[Haskell-cafe] Unboxed, zero-width :~:/Refl?

[Tom Ellis]

Subsequent to Bertram's helpful answer about the unboxed unit tuple as
an argument type, I have a follow-up question.

Data.Typeable allows me to write a nice API like refl/unRefl below:

    {-# LANGUAGE GHC2021 #-}
    {-# LANGUAGE LambdaCase #-}
    
    module Example where
    
    import Data.Typeable
    
    refl :: a :~: a
    refl = Refl
    
    unRefl :: a :~: b -> (a ~ b => r) -> r
    unRefl = \case Refl -> \r -> r
    
But why I am paying the cost for a boxed argument to unRefl?  Is there
an alternative API using an unboxed, zero-width equality witness that
means I pay minimal cost for its existence?  That is, an API like the
following where `a :~:# b` is zero-width unboxed?

    unboxedRefl :: a :~:# a
    
    unUnboxedRefl :: a :~:# b -> (a ~ b => r) -> r

I guess I can do it the following unpleasant way, if I keep the
constructor hidden.  But is there a better way?
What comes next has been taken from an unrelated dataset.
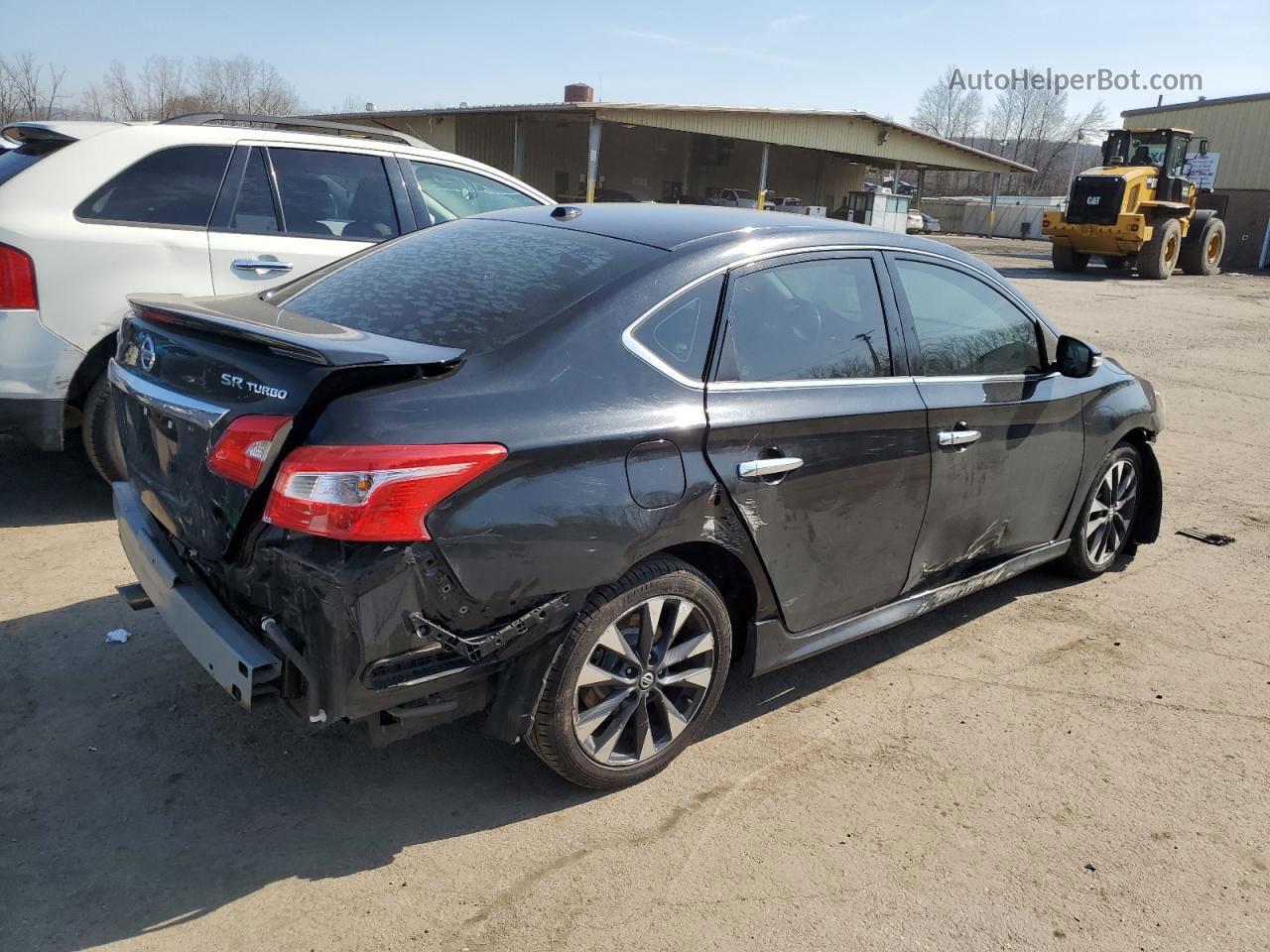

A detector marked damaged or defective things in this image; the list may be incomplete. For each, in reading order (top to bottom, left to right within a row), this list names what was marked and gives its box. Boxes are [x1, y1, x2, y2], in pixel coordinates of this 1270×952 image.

damaged rear bumper [112, 484, 282, 710]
    newtype a :~:# a = Refl (# #)

    unboxedRefl :: a :~:# a
    unboxedRefl = Refl (# #)
    
    unUnboxedRefl :: a :~:# b -> (a ~ b => r) -> r
    unUnboxedRefl (Refl (# #)) = unsafeCoerce

Tom


On Thu, Jan 12, 2023 at 04:01:48PM +0100, Bertram Felgenhauer via Haskell-Cafe wrote:
> Tom Ellis wrote:
> > If I define bar and baz as below then, as I understand it, calling baz
> > requires pushing an argument onto the machine stack.  Is the same true
> > for baz, or is "calling" baz the same as "calling" foo, i.e. no
> > argument needs to be pushed?
> >     
> > 
> >     {-# LANGUAGE MagicHash #-}
> >     {-# LANGUAGE UnboxedTuples #-}
> >     
> >     module Bar where
> >     
> >     import GHC.Prim
> >     
> >     foo :: Int
> >     foo = 1
> > 
> >     bar :: (# #) -> Int
> >     bar (# #) = 1
> >     
> >     baz :: () -> Int
> >     baz () = 0
> 
> There is more to the story than just arguments. Assuming that nothing
> gets inlined,
> 
> - "calling" foo simply uses the existing `foo` closure (at the top
>   level it becomes a static indirection)
> 
> - calling baz pushes an update frame recording where the result goes
>   onto the stack and the argument as well, and calls the entry point
>   for `baz`. Well, conceptually. Actually, the argument is passed in a
>   register on x86_64.
> 
> - calling bar pushes an update frame, but does not push or pass an
>   argument to the entry point of `bar`.
> 
> This is specific to `(# #)` being the final argument of the function.
> For intermediate arguments, the argument is just skipped. So if you
> had
> 
>     foo :: Int -> Int
>     foo x = x + 42
> 
>     bar :: (# #) -> Int -> Int
>     bar (# #) x = x + 42
> 
> then `foo 1` and `bar (# #) 1` produce identical same code.
> 
> If the arity of the function is unknown, as in
> 
>     xyzzy :: ((# #) -> a) -> a
>     xyzzy f = f (# #)
> 
>     xyzzy :: (() -> a) -> a
>     xyzzy f = f ()
> 
> then the distinction is delegated to a helper function in the RTS
> (`stg_ap_v_fast` vs. `stg_ap_p_fast`; `v` stands for "void", while `p`
> stands for "pointer") that inspects the info table of the `f` closure
> to determine whether the argument is the final one that needs special
> treatment, or whether the argument can simply be skipped.